Os Huteritas insistem que toda a vida pertence a Jesus Cristo. Além das crenças na não-violência e no baptismo após a confissão de fé, a prática económica radical de partilha intencional de todos os bens na comunidade deriva desse princípio, de que tudo pertence a Jesus. Toda a experiência huterita é assim formada no contexto dessa vida partilhada. Por fim, falemos um pouco da espiritualidade huterita.

Embora muitos huteritas se refiram à narrativa do Pentecostes nos primeiros capítulos dos Actos dos Apóstolos como o fundamento bíblico para a vida em comunidade, a motivação teológica para esse estilo de vida é ainda mais abrangente. Partilhar coisas espirituais e materiais em comunidade é uma maneira de cumprir fielmente o mandamento central das Escrituras – amar a Deus e ao próximo – num sentido diário e corporificado. Cuidar dos idosos, das viúvas e dos órfãos, tratar de forma justa cada membro da comunidade, é assim entendido como uma expressão quotidiana desse fundamento bíblico central. A comunhão entre Jesus e os seus discípulos é pois o grande exemplo desse tipo de vida compartilhada entre os huteritas.

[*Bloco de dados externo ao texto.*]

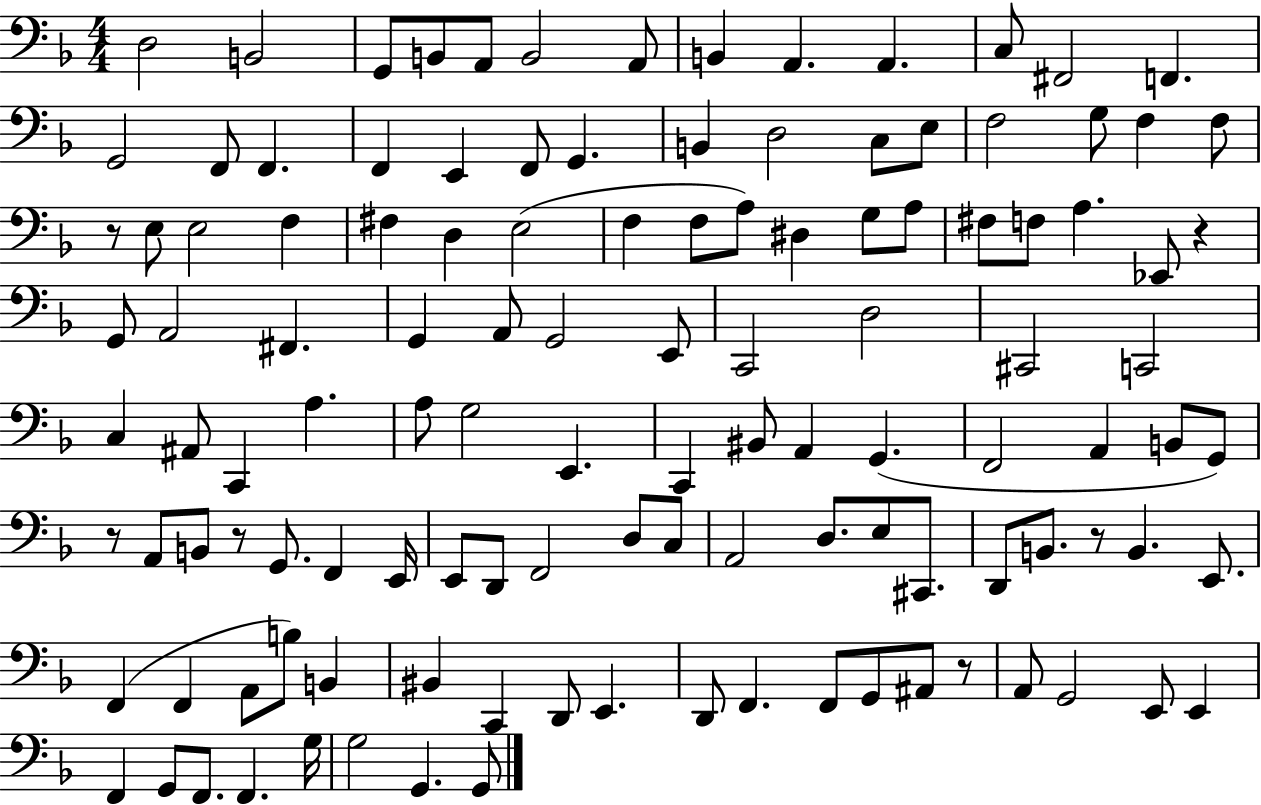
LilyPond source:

{
  \clef bass
  \numericTimeSignature
  \time 4/4
  \key f \major
  d2 b,2 | g,8 b,8 a,8 b,2 a,8 | b,4 a,4. a,4. | c8 fis,2 f,4. | \break g,2 f,8 f,4. | f,4 e,4 f,8 g,4. | b,4 d2 c8 e8 | f2 g8 f4 f8 | \break r8 e8 e2 f4 | fis4 d4 e2( | f4 f8 a8) dis4 g8 a8 | fis8 f8 a4. ees,8 r4 | \break g,8 a,2 fis,4. | g,4 a,8 g,2 e,8 | c,2 d2 | cis,2 c,2 | \break c4 ais,8 c,4 a4. | a8 g2 e,4. | c,4 bis,8 a,4 g,4.( | f,2 a,4 b,8 g,8) | \break r8 a,8 b,8 r8 g,8. f,4 e,16 | e,8 d,8 f,2 d8 c8 | a,2 d8. e8 cis,8. | d,8 b,8. r8 b,4. e,8. | \break f,4( f,4 a,8 b8) b,4 | bis,4 c,4 d,8 e,4. | d,8 f,4. f,8 g,8 ais,8 r8 | a,8 g,2 e,8 e,4 | \break f,4 g,8 f,8. f,4. g16 | g2 g,4. g,8 | \bar "|."
}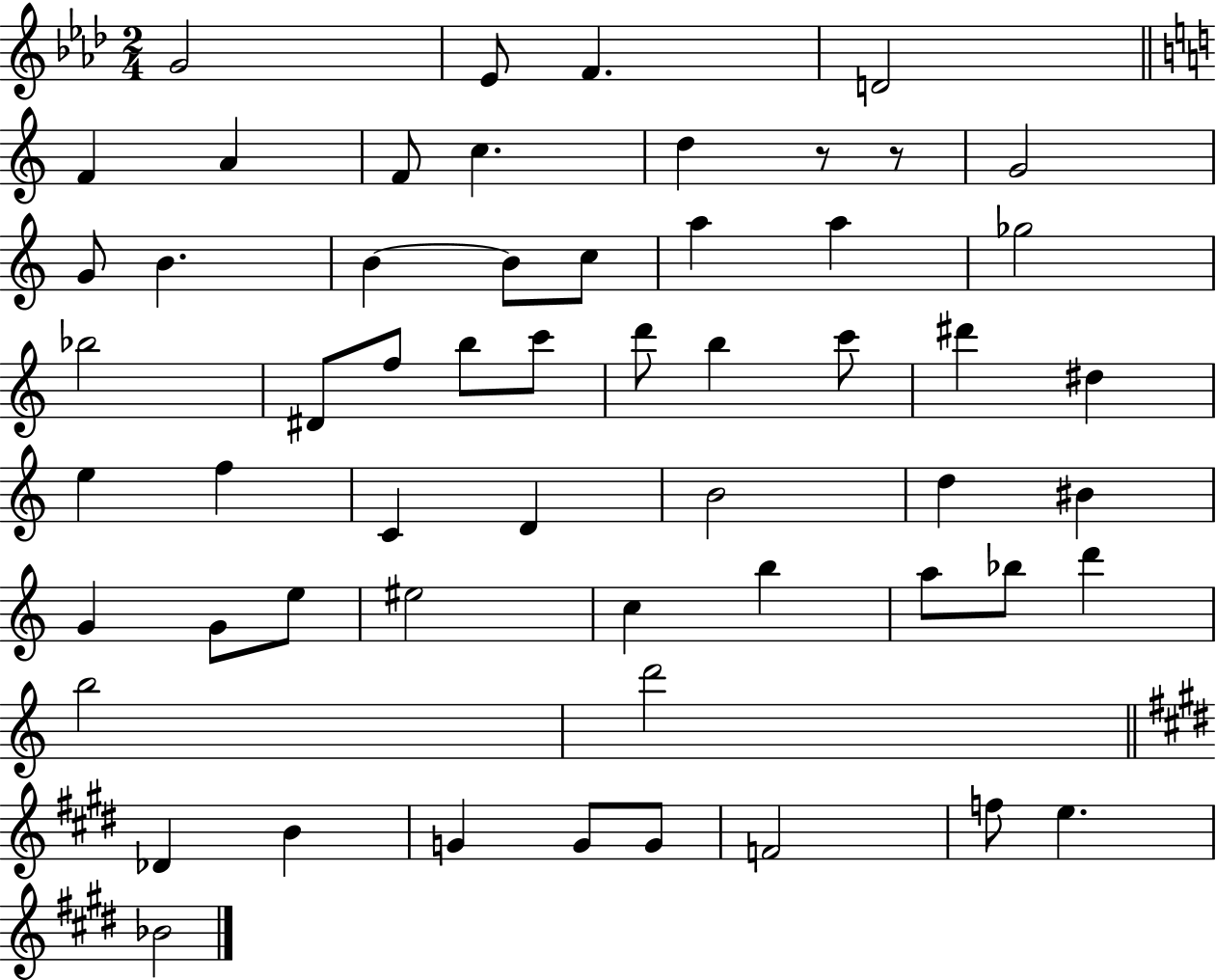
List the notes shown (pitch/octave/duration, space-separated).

G4/h Eb4/e F4/q. D4/h F4/q A4/q F4/e C5/q. D5/q R/e R/e G4/h G4/e B4/q. B4/q B4/e C5/e A5/q A5/q Gb5/h Bb5/h D#4/e F5/e B5/e C6/e D6/e B5/q C6/e D#6/q D#5/q E5/q F5/q C4/q D4/q B4/h D5/q BIS4/q G4/q G4/e E5/e EIS5/h C5/q B5/q A5/e Bb5/e D6/q B5/h D6/h Db4/q B4/q G4/q G4/e G4/e F4/h F5/e E5/q. Bb4/h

Os huteritas praticam o baptismo de adultos, não apenas devido à idade de maior discernimento do indivíduo, mas essencialmente porque acreditam que a igreja é o corpo de crentes que desejam seguir a Cristo de forma sincera, tornando-se portadores do Seu reconciliador Espírito de paz. Desta forma, para os huteritas seguir a Cristo requer uma resposta obediente e plena ao chamamento de Deus, vivido na comunidade de fé, em congregação e unidade. A vida comunitária torna possível o mutualismo, o apoio, a advertência e o encorajamento entre todos, bem como uma forte responsabilização: o que cada um faz implica todos os demais, por isso há que agir em conformidade com os preceitos huteritas. Há assim uma verdadeira irmandade huterita, em que todos os seus membros trabalham juntos. Rezam juntos, vivem juntos, para se lembrarem uns aos outros a vida divina que Jesus partilhou com os homens e que eles desejam partilhar com o mundo.

PRESERVAR UMA CULTURA

Uma cultura de propriedade comunal, baseada na crença na vida comunitária, em que o que pertence a um, a todos pertence. Todos os rendimentos dos diferentes negócios administrados pela comunidade em geral são partilhados entre os membros da comunidade, de forma equitativa e justa. Se um membro precisar de algo que tenha que ser comprado, a comunidade comprará, mas só se os anciãos considerarem a pertinência ou imprescindibilidade da aquisição, que será para todos, no fundo. Os membros da comunidade também recebem um subsídio, o que lhes confere a oportunidade de comprar bens para uso pessoal. Mas os bens de maiores dimensões ou custos, que beneficiam toda a comunidade, como equipamentos agrícolas, são comprados de forma comunitária e podem ser usados por todos os membros. Em algumas colónias huteritas existe a permissão dos membros da comunidade poderem obter dinheiro fora da comunidade, mas a prática é altamente desencorajada, pois ganhar dinheiro por motivos pessoais colide com as suas crenças. Todos os membros que vivem numa colónia “possuem” os bens dessa comunidade colectivamente. Trabalham uns para os outros e não pagam salários dentro da comunidade. No entanto, como não há salários, todas as necessidades da vida são fornecidas, dentro da frugalidade e sobriedade do estilo de vida. Cada membro serve ao outro através dos seus trabalhos e mão-de-obra, e todos os lucros são partilhados.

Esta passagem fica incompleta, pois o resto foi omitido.